A Green Country teenager said he could have been killed Wednesday night after he swerved to avoid a deer in Catoosa.
Now, he's warning others about the dangers of driving while deer are on the move this time of year.
Cody Kirby, 18, said his car is a total loss, but he is thankful he still made it home for the holidays with just a few bumps and bruises.
It was dark and the roads were slick. He said it all happened so fast.
"I was coming down a little hill, and then, out of nowhere, a deer just runs like right in front of me,” said Kirby.
Kirby said he was on his way to work Wednesday night when things took a turn for the worst.
"As soon as I tried to turn the other way, it broke traction and I couldn't get control,” said Kirby.
Kirby managed to miss the deer but veered off the road, crashing into a pole.
His truck doesn't have airbags, but he walked away with only a few bruises. Kirby said it would have been much worse if he hadn’t had time to protect his head.
"Your head is gonna go 'bonk' and bounce back, and it's gonna cause concussions and head damage,” said Kirby.
Kirby's mom said a car can be replaced while her son cannot, but it's unfortunate, because he really did love that truck. Kirby got the truck for his 17th birthday and spent several months fixing it up with his dad.
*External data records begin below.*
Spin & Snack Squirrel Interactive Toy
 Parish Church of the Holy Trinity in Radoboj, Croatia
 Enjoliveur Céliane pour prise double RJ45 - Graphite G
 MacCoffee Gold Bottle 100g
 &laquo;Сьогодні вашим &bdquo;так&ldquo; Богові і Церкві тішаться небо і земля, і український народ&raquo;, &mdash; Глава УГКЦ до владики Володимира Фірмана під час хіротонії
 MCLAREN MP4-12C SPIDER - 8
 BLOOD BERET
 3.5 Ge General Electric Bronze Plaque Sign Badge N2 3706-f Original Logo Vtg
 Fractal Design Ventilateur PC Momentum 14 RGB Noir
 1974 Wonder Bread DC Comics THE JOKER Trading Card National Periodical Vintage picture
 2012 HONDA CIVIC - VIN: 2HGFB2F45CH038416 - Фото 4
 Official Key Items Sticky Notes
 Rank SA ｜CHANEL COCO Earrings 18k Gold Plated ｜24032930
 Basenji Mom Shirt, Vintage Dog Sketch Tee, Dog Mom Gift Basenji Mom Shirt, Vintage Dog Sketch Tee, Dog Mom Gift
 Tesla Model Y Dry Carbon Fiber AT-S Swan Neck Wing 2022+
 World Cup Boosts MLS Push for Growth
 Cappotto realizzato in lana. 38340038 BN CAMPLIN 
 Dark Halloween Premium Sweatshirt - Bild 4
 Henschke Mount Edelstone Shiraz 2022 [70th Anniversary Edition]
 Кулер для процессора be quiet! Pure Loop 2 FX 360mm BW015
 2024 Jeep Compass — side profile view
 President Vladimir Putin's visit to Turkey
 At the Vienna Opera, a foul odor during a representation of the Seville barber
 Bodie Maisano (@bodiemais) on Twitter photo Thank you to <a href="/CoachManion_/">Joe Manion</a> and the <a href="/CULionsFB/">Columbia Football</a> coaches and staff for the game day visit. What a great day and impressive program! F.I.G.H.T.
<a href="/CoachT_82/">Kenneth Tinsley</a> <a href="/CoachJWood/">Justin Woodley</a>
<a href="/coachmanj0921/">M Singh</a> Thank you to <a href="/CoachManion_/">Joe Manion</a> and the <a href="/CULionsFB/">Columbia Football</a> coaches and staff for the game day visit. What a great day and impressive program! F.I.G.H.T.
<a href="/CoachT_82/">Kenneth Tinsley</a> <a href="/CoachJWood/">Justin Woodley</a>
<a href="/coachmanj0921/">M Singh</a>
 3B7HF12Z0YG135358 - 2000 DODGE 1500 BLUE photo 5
"We got it done like a few months before my 18th birthday, and a few months after that, it gets totaled," said Kirby.
A few months later, and it was destroyed in the blink of an eye.
"I have to pay rent and I have to pay stuff for my dog. You know, like, I'm pretty much broke right now, so I'm trying to rely on friends giving me rides and if not, probably walk,” said Kirby.
The Oklahoma Insurance Department said crashes involving deer increase from October through January during the height of deer mating and migration season, causing about 200 deaths each year and more than $3.6 billion in vehicle damage.
"Deer are everywhere. I've seen a lot of them. Just be careful out there, you know,” said Kirby.
The Oklahoma Insurance Department said deer are most active during dusk and dawn, and warns drivers if you see one deer, there are usually more nearby.